Les accrochages du 25 novembre – au cours desquels ont joué un rôle important des infiltrés du PRI et des secteurs ultras – ont porté atteinte à l’image de l’APPO. Luiz Hernandez Navaro, dans La Jornada du mardi 12 décembre 2006, a indiqué combien les violences attribuées à l’APPO coïncidaient avec les intérêts du gouverneur Ruiz. Comment expliquer d’une autre façon l’incendie mystérieux du bâtiment de l’Administration des impôts – attribué à l’APPO ; incendie grâce auquel ont été éliminées les preuves de nombreuses manipulations perpétrées par Uro et les siens au cours des dernières années ?

Terrorisme d’Etat

Sara Mendez, secrétaire technique de la Red Oaxacuena Derechos Humanos (Réseau d’Oaxaca des droits humains, RODH), est fort préoccupée par le déchaînement de la répression: «Il y a des cas d’enseignants [2] sorti de leurs écoles alors qu’ils donnaient leurs cours. Entre le 28 et le 30 novembre, a été mis en œuvre une claire stratégie de terreur afin de déclencher la panique.» Les présidents des municipalités membres du PRI ont établi des listes «d’ennemis». Dans ces listes et parmi les prisonniers, on trouve des personnes de toutes les classes sociales, de toutes les conditions et de tout âge, y compris des mineurs.
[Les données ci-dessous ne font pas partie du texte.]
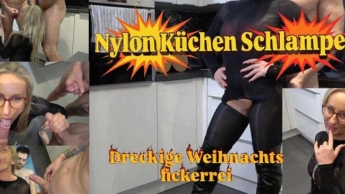 Dirty Christmas fucking…. Kitchen slut at work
Des personnes qui n’ont pas participé aux marches et qui ont seulement apporté des aliments aux barricades. Les femmes arrêtées, une quarantaine, ont été tondues de façon humiliante et quelques-unes ont été violées. A Oaxaca, les viols ne sont pas dénoncés. A cause de la crainte et, avant tout, à cause de la honte ancestrale. Depuis le début du conflit, les hommes de main, les policiers, les paramilitaires ont assassiné plus de vingt personnes. Il y aura des dizaines de disparus.

Joël Aquino, chercheur et représentant des communautés amérindiennes, rappelle que les méthodes utilisées par Ruiz et le tout récent président Felipe Calderon sont les mêmes qu’ont utilisés les diverses dictatures militaires et, ici au Mexique, la longue dictature de José de la Cruz Porfirio Diaz [3]: éloignement du domicile, impossibilité de communication, traquenard empêchant la défense.

La question la plus grave a trait à Nayarit, la localité frontière entre les Etats de Jalisco et Sinaloa, à plus de seize heures d’autobus de Oaxaca. C’est dans la prison de San José del Rincon de cette localité qu’ont été envoyés 140 détenus. L’objectif est tout à fait connu: éloigner les prisonniers de leurs communautés, au moyen d’un voyage épuisant et traumatisant, rendre très difficile la défense et faire que le problème des prisonniers devienne le seul élément des négociations, repoussant une quelconque plate-forme programmatique pour le mouvement. Le dimanche 17 décembre 2006, bien qu’Uro lui-même ait admis que 80% des détenus n’étaient impliqués dans aucun acte de violence, les premiers 43 prisonniers sont sortis de la prison, presque un mois après leur détention.

Néanmoins l’APPO vit

Mi-décembre, sur un mur de la ville d’Oaxaca on pouvait lire ce slogan peint: «Lle fascisme c’est la répression contre la lutte du peuple et ses organisations ; c’est le contrôle des moyens de communication ; c’est favoriser les grands monopoles exploiteurs ; c’est la discrimination raciale et sexuelle, c’est l’usage permanent du mensonge, de la haine, de beaucoup de haine.»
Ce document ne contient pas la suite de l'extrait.